What is a Process in Linux

Processes are an instance of an executing program. In other operating systems, programs are often large, elaborate, graphical applications that take a noticeably long time to start up. In the Linux (and Unix) world, these types of programs exist as well, but so do a whole class of programs that usually have no counterpart in other operating systems. These programs are designed to be quick to start, specialized in function, and play well with others. On a Linux system, processes running these programs are constantly popping into and out of existence. For example, consider the user maxwell performing the following command line.

$ ps aux | grep httpd > daemons.$(date +%d%b%y)

In the split second that the command line took to execute, no less four than processes (ps, grep, bash, and date) were started, did their thing, and exited.

What is a Process?

By this point, you could well be tired of hearing the answer: a process in an instance of a running program. Here, however, we provide a more detailed list of the components that constitute a process.

Execution Context

Every process exists (at least to some extent) within the physical memory of the machine. Because Linux (and Unix) is designed to be a multiuser environment, the memory allocated to a process is protected, and no other process can access it. In its memory, a process loads a copy of its executable instructions, and stores any other dynamic information it is managing. A process also carries parameters associated with how often it gets the opportunity to access the CPU, such as its execution state and its niceness value (more on these soon).

I/O Context

Every process interacts to some extent with the filesystem in order to read or write information that exists before or will exist after the lifespan of the process. Elements of a process’s input/output context include the following.

Open File Descriptors

Almost every process is reading information from or writing information to external sources, usually both. In Linux, open file descriptors act as sources or sinks of information. Processes read information from or write information to file descriptors, which may be connected to regular files, device nodes, network sockets, or even each other as pipes (allowing interprocess communication).

Memory Mapped Files

Memory mapped files are files whose contents have been mapped directly into the process’s memory. Rather than reading or writing to a file descriptor, the process just accesses the appropriate memory address. Memory maps are most often used to load a process’s executable code, but may also be used for other types of non-sequential access to data.

Filesystem Context

We have encountered several pieces of information related to the filesystem that processes maintain, such as the process’s current working directory (for translating relative file references) and the process’s umask (for setting permissions on newly created files).

Environment Variables

Every process maintains its own list of name-value pairs, referred to as environment variables, or collectively as the process’s environment.
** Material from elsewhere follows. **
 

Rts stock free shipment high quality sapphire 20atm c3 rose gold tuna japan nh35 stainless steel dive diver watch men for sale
Processes generally inherit their environment on startup and may refer to it for information such as the user’s preferred language or favorite editor.

Heritage Information

Every process is identified by a PID, or process id, which is assigned when it is created. In a later post, we will discover that every process has a clearly defined parent and possibly well-defined children. A process’s own identity, the identity of its children, and to some extent the identity of its siblings are maintained by the process.

Credentials

Every process runs under the context of a given user (or, more exactly, a given user id), and under the context of a collection of group id’s (generally, all of the groups that the user belongs to). These credentials limit what resources a process can access, such as which files it can open or with which other processes it is allowed to communicate.

Resource Statistics and Limits

Every process also records statistics to track the extent to which system resources have been utilized, such as its memory size, its number of open files, its amount of CPU time, and others. The amount of many of these resources that a process is allowed to use can also be limited, a concept called resource limits.
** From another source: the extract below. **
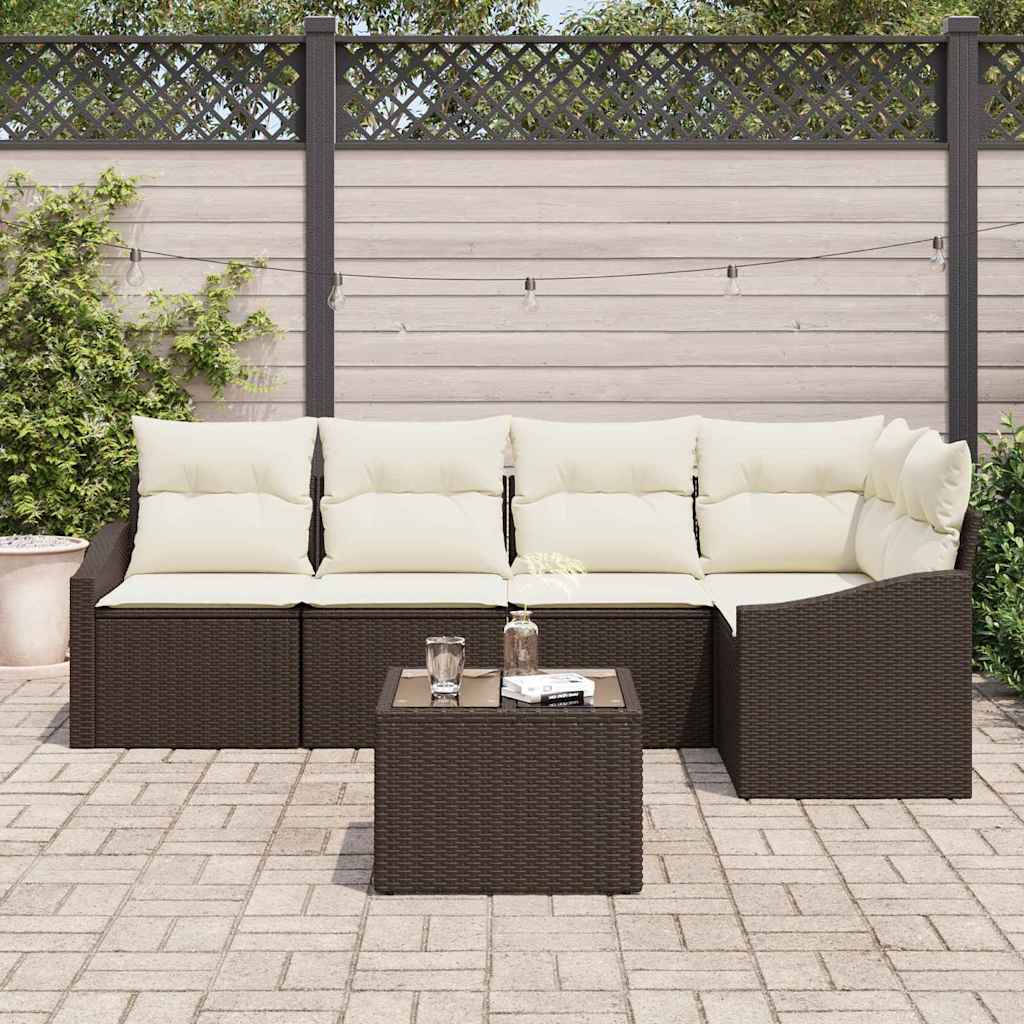 vidaXL Zestaw Sof z poduszką 6 pcs Brązowy polirattan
Viewing Processes with the ps Command

We have already encountered the ps command many times. Now, we will attempt to familiarize ourselves with a broader selection of the many command-line switches associated with it. A quick ps –help will display a summary of over 50 different switches for customizing the ps command’s behavior. To complicate matters, different versions of Unix have developed their own versions of the ps command, which do not use the same command line switch conventions. The Linux version of the ps command tries to be as accommodating as possible to people from different Unix backgrounds, and often there are multiple switches for any given option, some of which start with a conventional leading hyphen (“-”), and some of which do not.

Process Selection

By default, the ps command lists all processes started from a user’s terminal. While reasonable when users connected to Unix boxes using serial line terminals, this behavior seems a bit minimalist when every terminal window within an X graphical environment is treated as a separate terminal. The following command line switches can be used to expand (or reduce) the processes which the ps command lists.

Switch	Which Processes are Listed
-A, -e, ax	All processes.
-C command	All instances of command
-U, –user, –User user	All processes belonging to user
-t, –tty terminal	All processes started from terminal
-p, p, –pid N	Process with pid N

Output Selection

As implied by the initial paragraphs of this Lesson, there are many parameters associated with processes, too many to display in a standard terminal width of 80 columns. The following table lists common command line switches used to select what aspects of a process are listed.

Switch	Output Format
-f	“full” listing
-l, l	long format
-j, j	jobs format
-o, o, –format str	user defined format, using fields specified by str (Available fields for str can be listed with ps L, or by consulting the ps(1) man page.)

Additionally, the following switches can be used to modify how the selected information is displayed.

Switch	Output Format
-f	“full” listing
-l, l	long format
-j, j	jobs format
-o, o, –format str	user defined format, using fields specified by str (Available fields for str can be listed with ps L, or by consulting the ps(1) man page.)

Oddities of the ps Command

The ps command, probably more so than any other command in Linux, has oddities associated with its command-line switches. In practice, users tend to experiment until they find combinations that work for them, and then stick to them. For example, the author prefers ps aux for a general-purpose listing of all processes, while many people prefer ps -ef. The above tables should provide a reasonable “working set” for the novice.

The command-line switches tend to fall into two categories, those with the traditional leading hyphen (“Unix98” style options), and those without (“BSD” style options). Often, a given functionality will be represented by one of each. When grouping multiple single letter switches, only switches of the same style can be grouped. For example, ps axf is the same as ps a x f, not ps a x -f.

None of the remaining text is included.